Led Zeppelin' performs onstage at the Forum on June 3, 1973 in Los Angeles, California. (L-R) Robert Plant, John Paul Jones, Jimmy Page, John Bonham.

Plant, Jones and Page perform at the Forum in Los Angeles, June 3, 1973. (Image credit: Michael Ochs Archives/Getty Images)

But not all of Led Zeppelin’s riffs were written by Page. In fact, one of the group’s most famous — and most difficult to perform — riffs was composed by Led Zeppelin bassist John Paul Jones.

It’s “Black Dog,” the lead track to Led Zeppelin IV.

And as both Page and Jones have said, it’s a riff that proved one almost impossible for the group to get their heads around.
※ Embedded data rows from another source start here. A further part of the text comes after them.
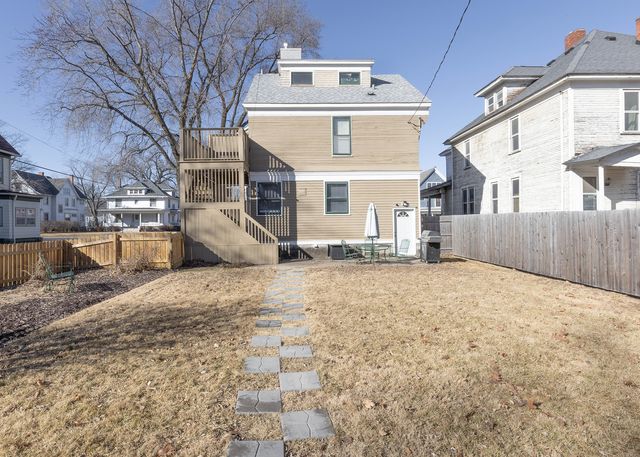 937 20TH Street, Rock Island, IL 61201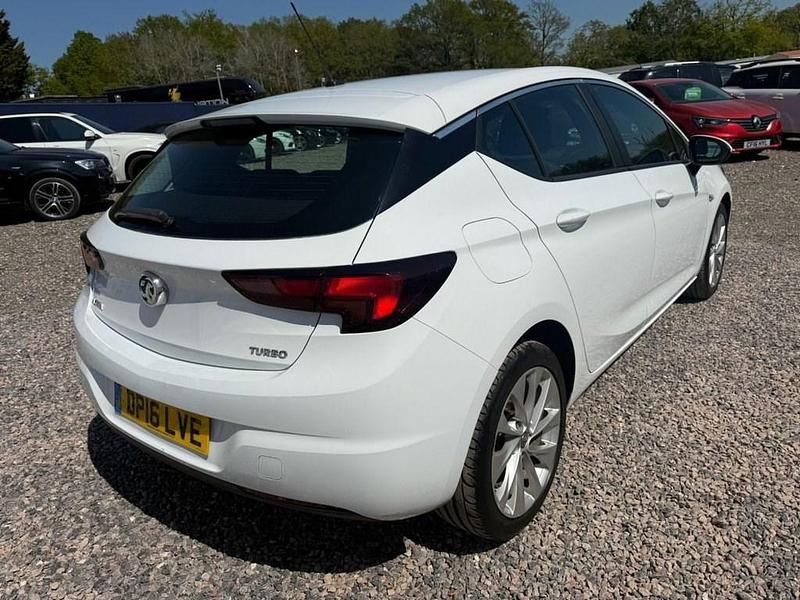 Second-hand Vauxhall Astra 125 CP (91 kW) 2016 Alb Hatchback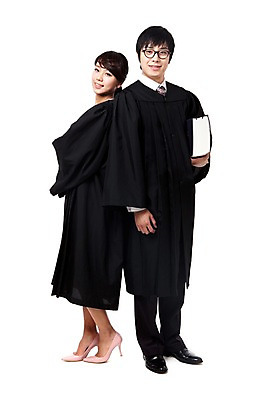 포토 JPG 스튜디오촬영 전신 직업 학생 라이프스타일 여자 교육 남자 대학생 포즈 대학생라이프 실내 서기 웃음 들기 누끼 사람 동양인 20대 성인 두명 책 캠퍼스라이프 기댐 한국인 가운 판사복 법률가 판사 검사_법률가 법 열정 재판 법관 법의 변호사 법대생 법전 법학과 제헌절 청년만 성인만 국내포토 옷 감정 모션 표정 인종 청년 내부 생활 국경일 파일형식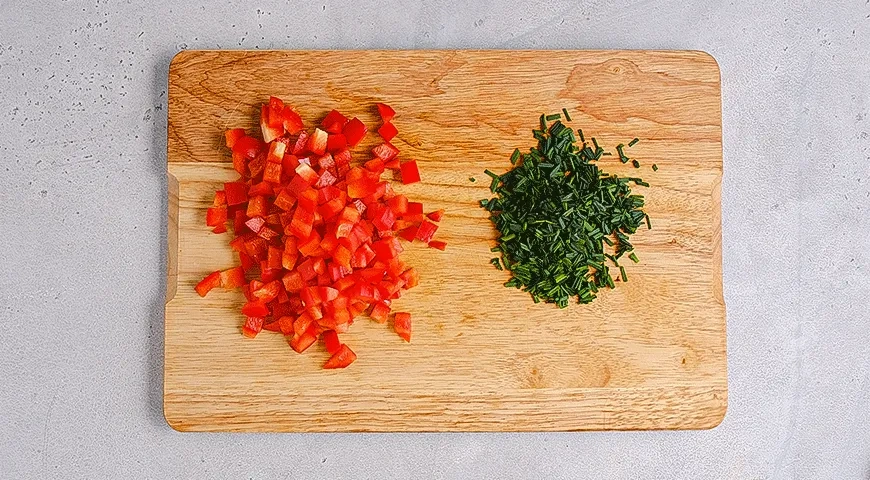 Яичные квадратики с овощами и беконом: шаг 1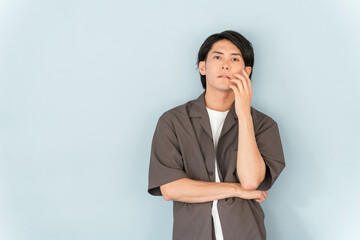 オーバーサイズシャツの男性モデル（目線・視線・ポーズ）
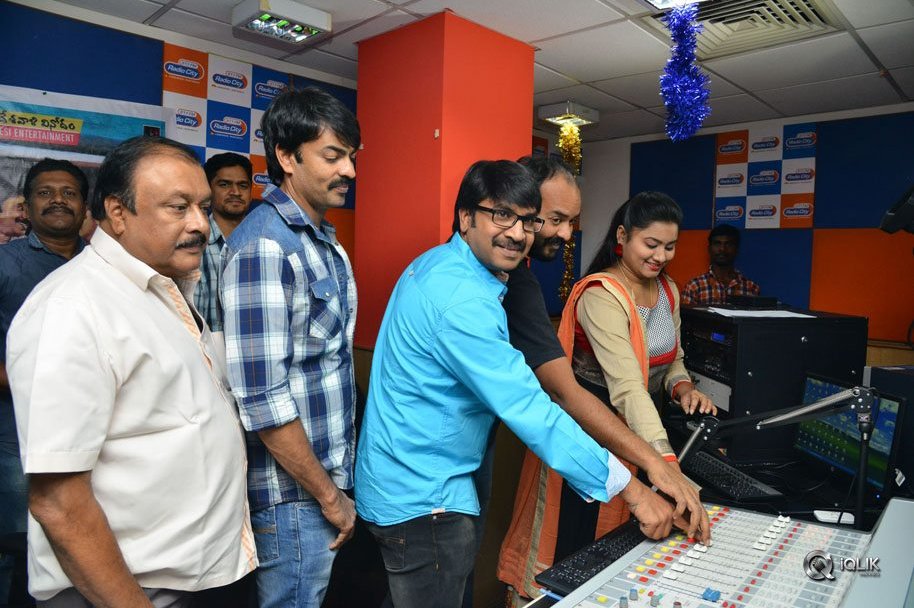 Jayammu-Nischayammu-Raa-Movie-Audio-Function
“I wrote Black Dog on a train,” Jones told our sister magazine Bass Player in its February 2008 issue. “My dad taught me how to write musical notation without using manuscript paper — just with numbers and note values — and I wrote that riff on the back of a train ticket coming back from a rehearsal at Jimmy Page’s house.”

In early interviews, Jones attributed the song’s influence to Muddy Waters’ 1968 album Electric Mud. “There was a Muddy Waters song I was attracted to at the time,” Jones said. “It was a rolling blues with a riff that never ended. I fancied writing something that did the same thing. Just when you think the riff is going to finish, it goes off somewhere else.”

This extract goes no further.